Yes! It is totally Bertrand's creation. He reveals himself by incense, spices, and first of all by the complexity of the whole impression. It is close to Lothair, if you need а reference, with all for what Bertrand is so known and loved – woods, translucent smokiness and ringing spices.
bergamot, pink pepper, cardamom, gin, black currant, galbanum
pink pepper, incense, hinoki tree
fir balsam, amber, driftwood

 


Matvey Yudov:

In Mark Buxton's perfume the main role is given to vetiver. Although there have been already so many vetiver perfumes introduced to the world, and some of them being truly beautiful, Mark's work stands out. It is made in his recognazable bright manner, like a kaleidoscope. Always very colorful and vivid, but with a perfect sense of balance.
It starts with green veggie notes, a garden bed with herbs is close to the one with black currant, then a spicy peppery accord starts its steady development. It seems that black currant and pepper are the key notes in all three Renegades perfumes. Vetiver is a part of a sophisticated resinous woody structure of the composition, with an obvious accent on an animalic leather accord. I can easily imagine this perfume on a gentleman or a lady on a formal occasion, but there is no pose in it. The best words for it would be "enjoyable". It is so enjoyable, that I would wear it all the time, but I will still keep it for my special moments.
basil, mastic, balck currant flowers, black pepper, galbanum
bay oil, rose oil, leather
labdanum, guaiac, vetiver, amber
Mark Buxton, photo from Esxence

Valery Mihalitsyn:

The new perfume by Geza Schoen could beat his fantastic Kinski. It seems like its composition is woven of many luminescent threads of green and blue.
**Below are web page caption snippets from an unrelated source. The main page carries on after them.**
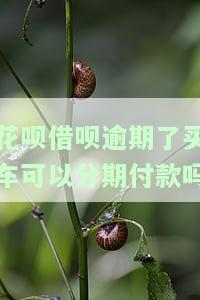 花呗借呗逾期能否办理车贷？了解其对购车的影响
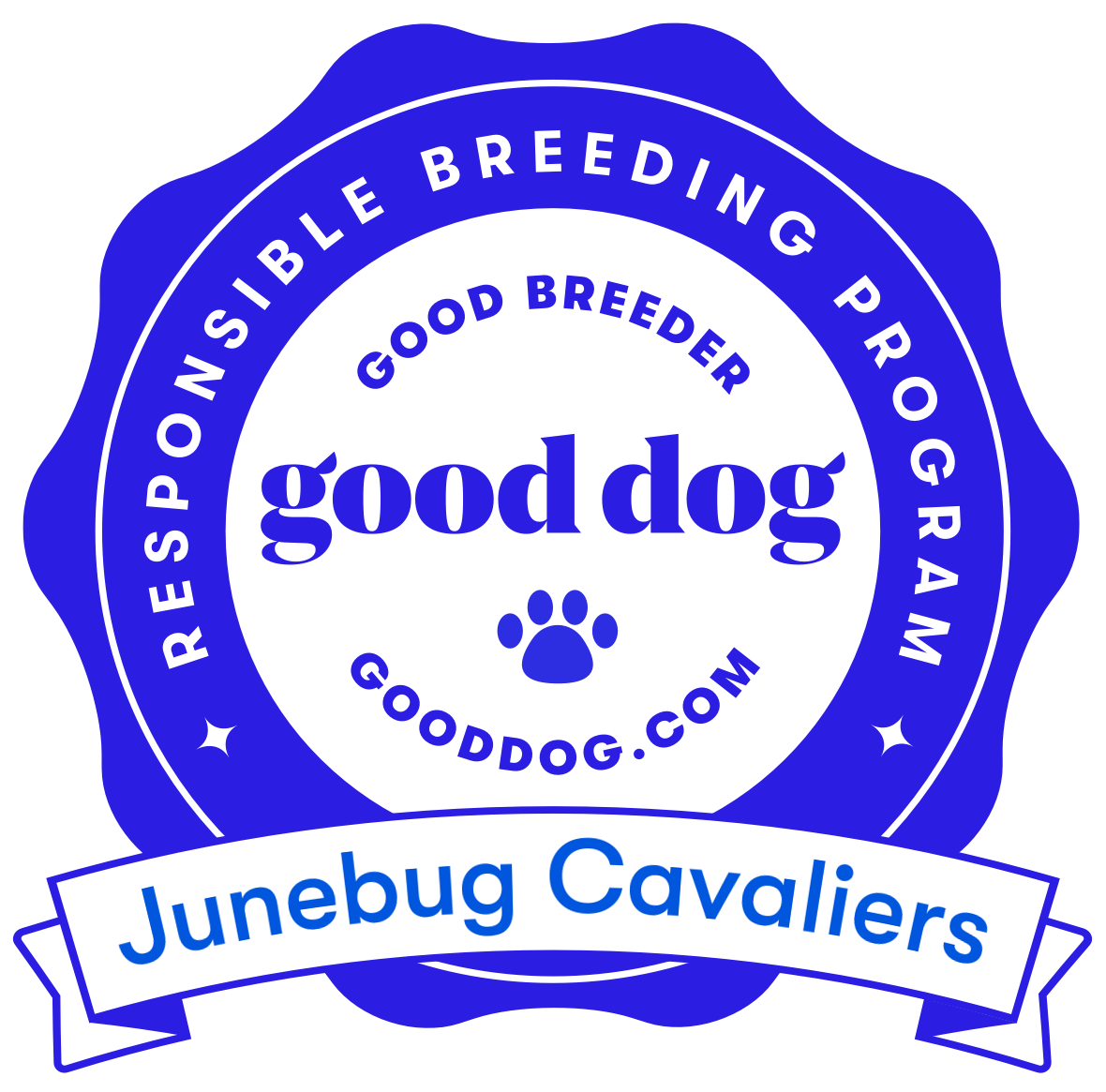 Blue and white badge reading 'Resilient, Inspiring, Bold, Good, Responsible, Recognized, GoodDog, GoodDog.com, Good Breeder, Good Dog, Junebug Cavaliers' with a small paw print and banner.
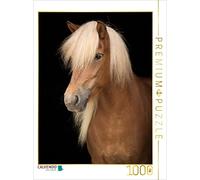 CALVENDO Puzzle Cheval d'Islande 1000 Pieces 48 x 64 cm from Paula Müller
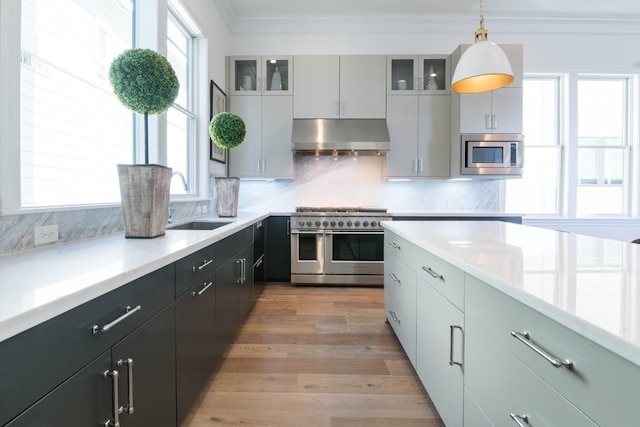 2209 Crocker St, Houston, TX 77006 - kitchen with under cabinet range hood, appliances with stainless steel finishes, ornamental molding, light countertops, and a sink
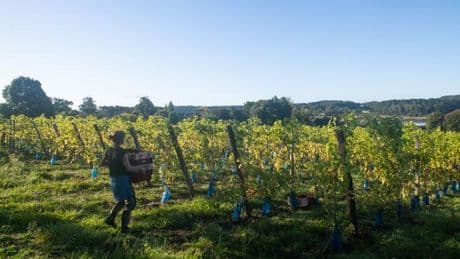 Le vin français de demain sera-t-il breton ?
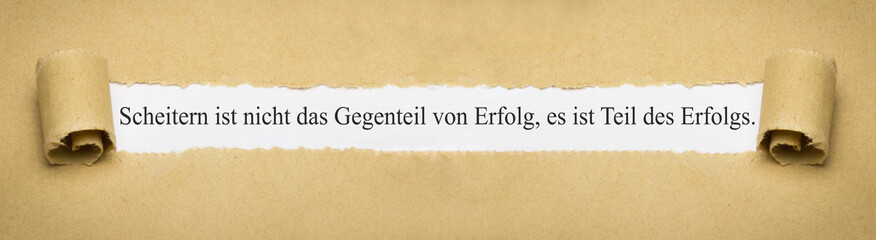 Scheitern ist nicht das Gegenteil von Erfolg, es ist Teil des Erfolgs.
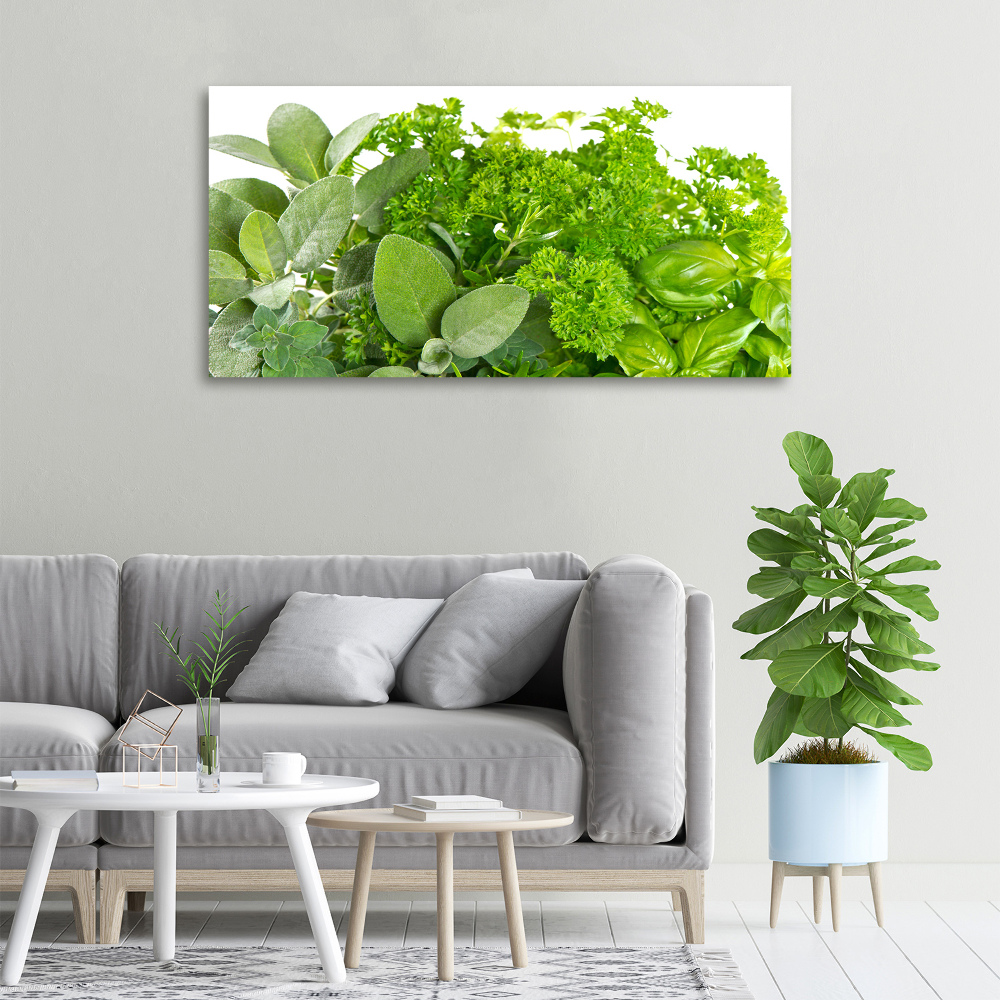 Canvas wall art Herbs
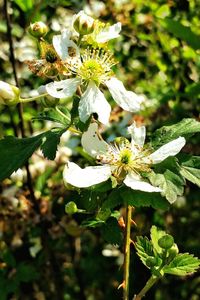 Close-up of flowers growing on plant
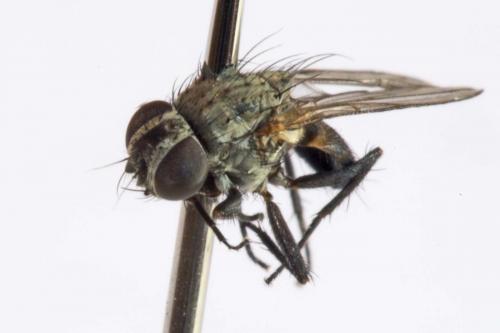 Fannia sp.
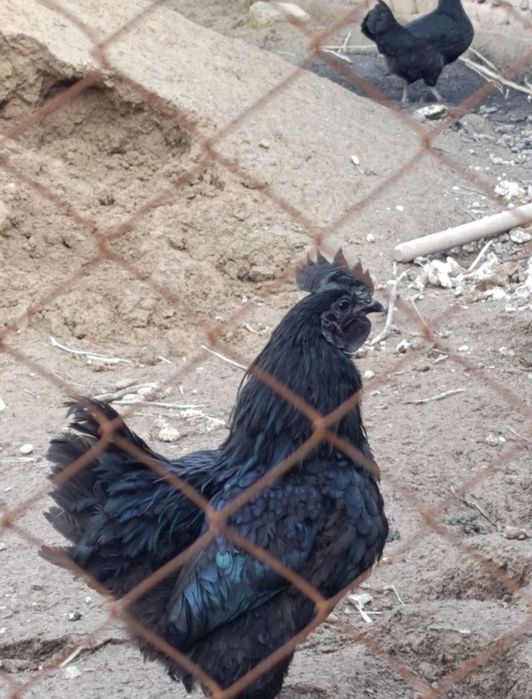Ухейилюй. Uxeyilyuy zotli xoroz tovuq jojalari sotiladi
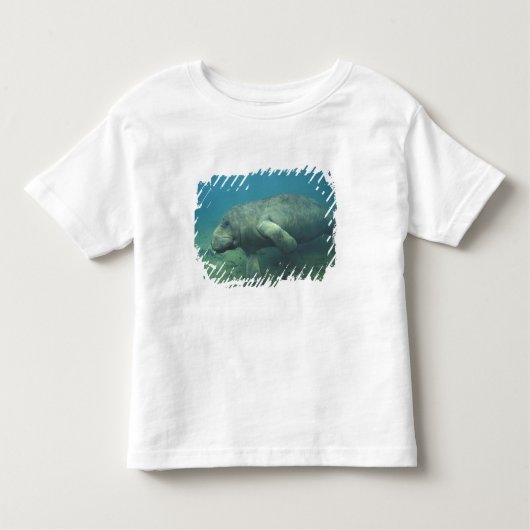 VS, FL, Manatee Kinder Shirts (Voorkant)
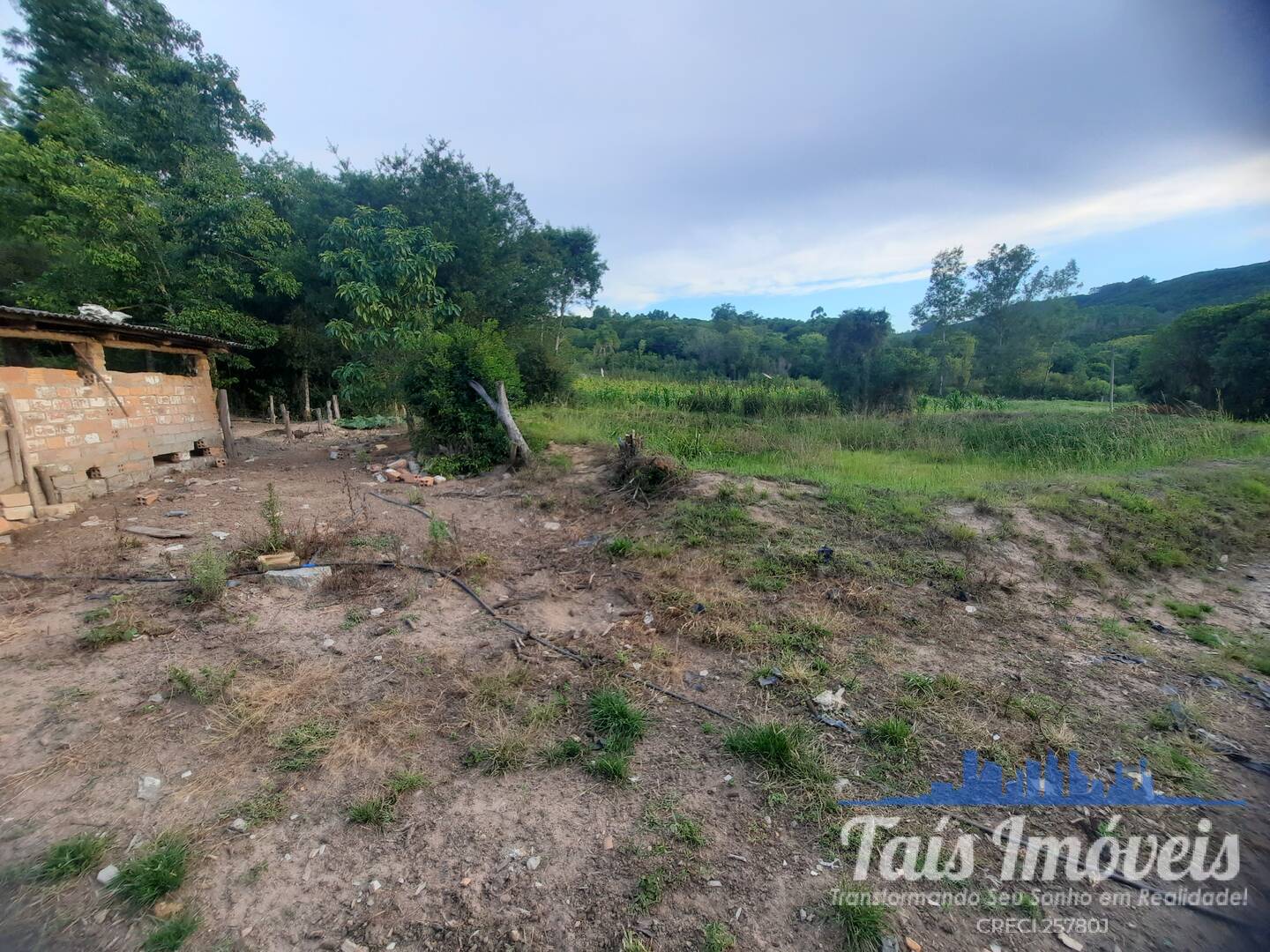 Fazenda à venda com 3 quartos, 14m² - Foto 7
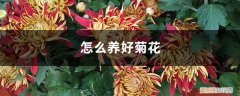 怎样才能养好菊花 怎么养好菊花，应该注意什么
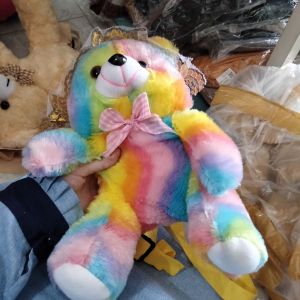 Boneka Tas Bear Rainbow
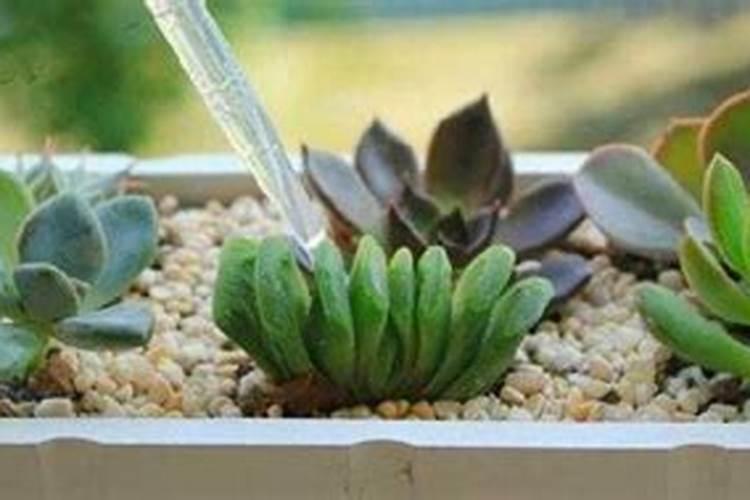 养多肉怎样使用水溶肥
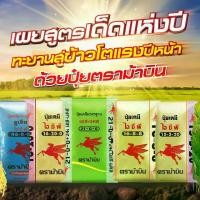 ราคา ปุ๋ย กระสอบ -ปุ๋ย ตรา ม้าบิน ขนาด 50 กก. ใช้บำรุง ในพืชผัก และ ไม้ (1731240455913506316)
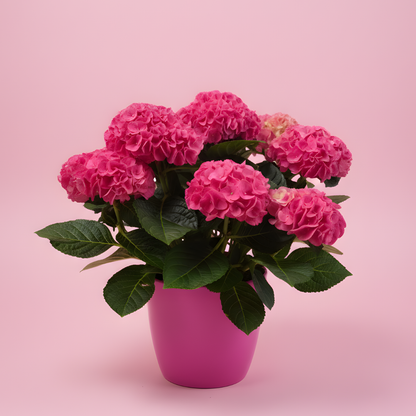 Hydrangea Bliss Collection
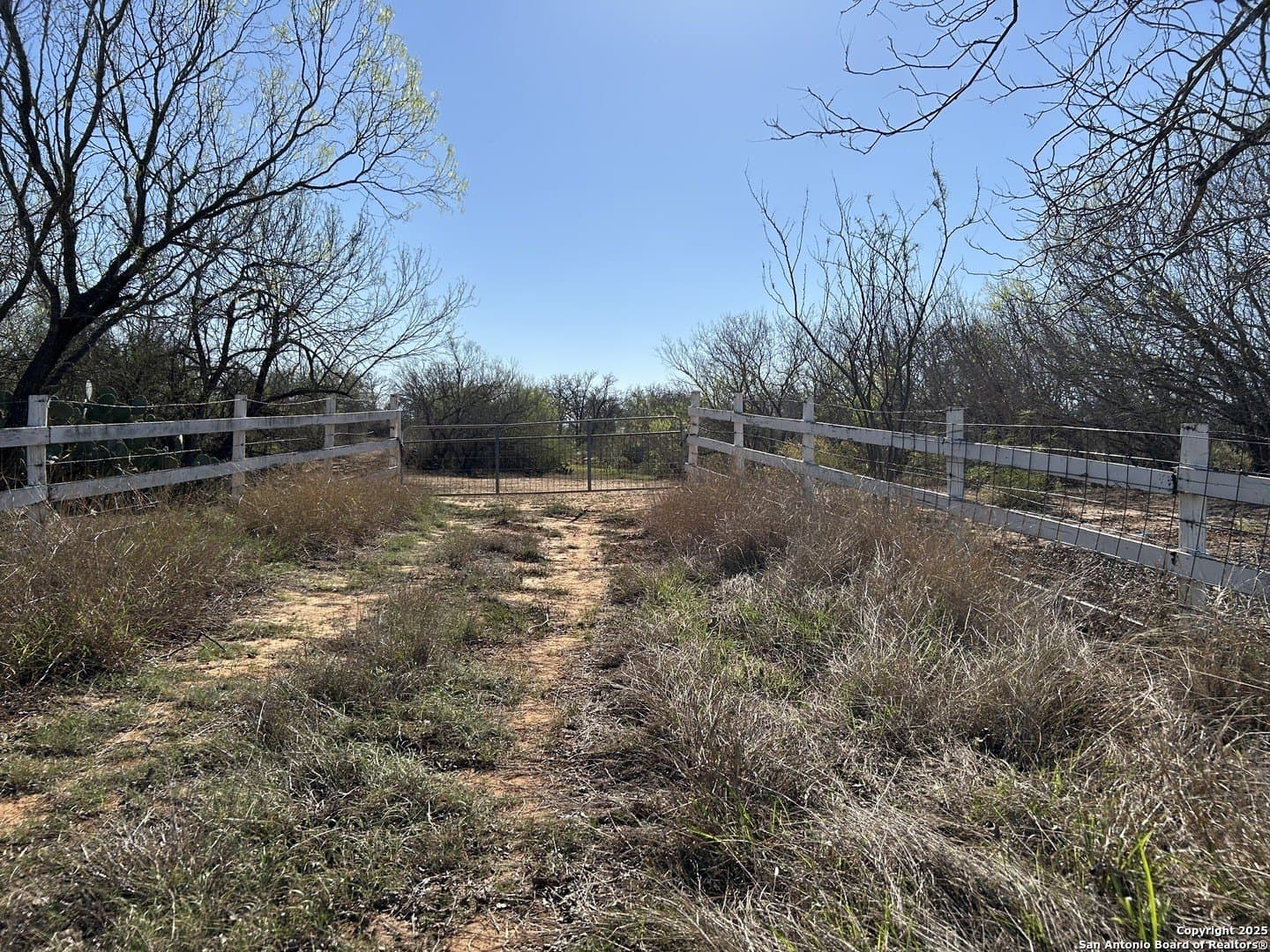 10 acres in Atascosa County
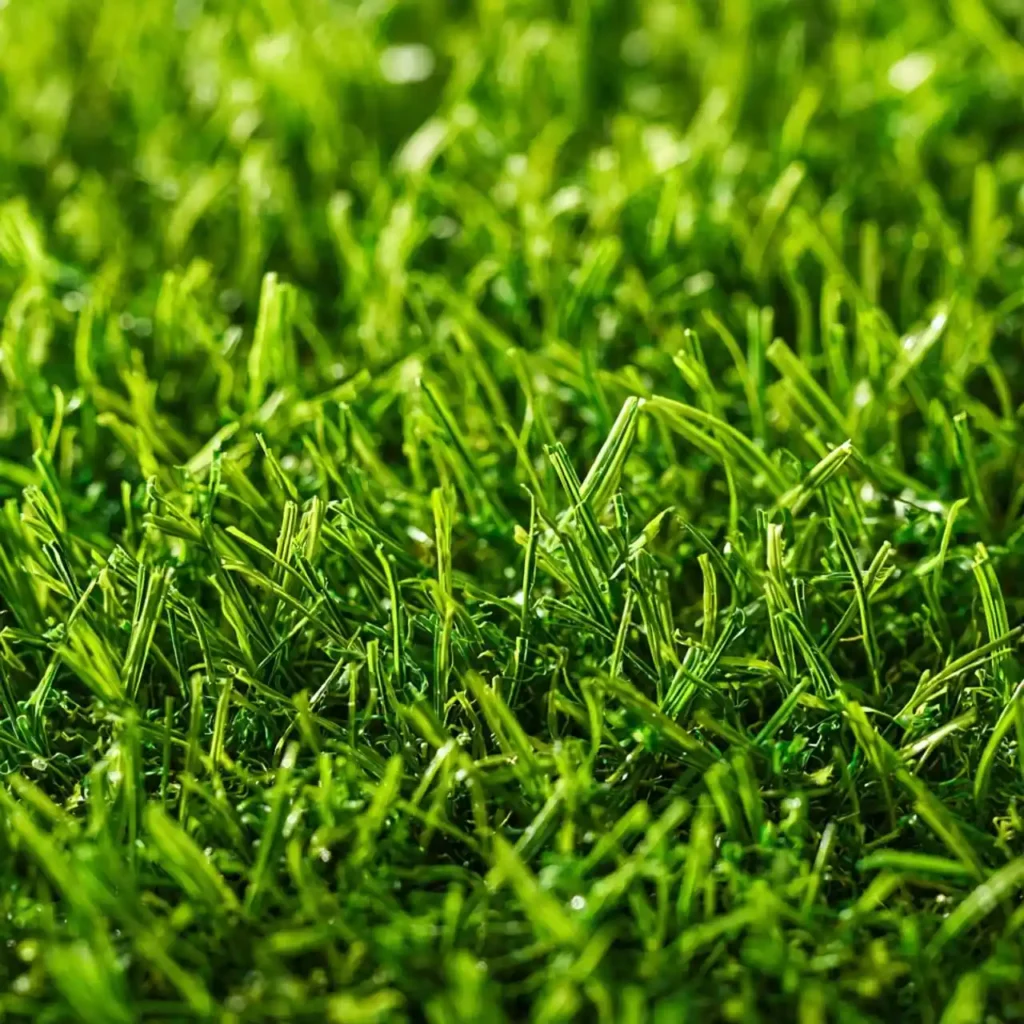How to Choose the Best Instant Lawn for Your Midrand Garden Premium instant lawn supplied and installed in Crowthorne for beautiful residential landscaping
Velvety pink pepper, which starts the perfume, is masterfully blended in the sweet and sour citrus accord, in which orange and lime could be sensed. Black currant berries and leaves contribute to its sweet clarity, but the perfumer doesn't want to push them in the front, he merely needed them to nuance the air around his beloved Iso Gamma Super. This molecule protrudes in all layers of the composition, sharing its metallic taste, and forms the trail which attracts me like the magical pipe. I followed it through a night in Milan catching its waves from the skin of my friend.
For the perfect vertical structure, every thread ends with a bead of amber. They softly whisper, sway, so small and unnoticable till the very end. Some perfumes are destined to be smelled only from skin. This is what I would advise in the case with Renegades Geza Shoen. I didn't get its magic on the blotter, continuous pink pepper and quiet fruity nuances. Nice, but that was all...
Renegades Geza Shoen seems to me the main renegade. It is an initiator of the riot, a restless spirit, eternally young and always free. It seeks for rules and borders to break, to laugh in the face of a discouraged everyman. Just look at Geza's face on the flacon, his wicked grin and upturned eyebrow. He will never let you rest. It is an unearthly, fiery blue-green trail left behind from a spacesuperhero.
pink pepper oil, pink pepper absolute, black currant, lemon, lime, bergamot
fir balsam, osmanthus absolute, juniper, hedione, hedional, iris absolute, mate
Iso E Super, cedar, sandal, labdanum, incense, oakmoss, myrrh, castoreum, musk ambrette.
Mark Buxton, Geza Schoen and Bertrand Duchaufour of Renegades
(@sensunique Instagram)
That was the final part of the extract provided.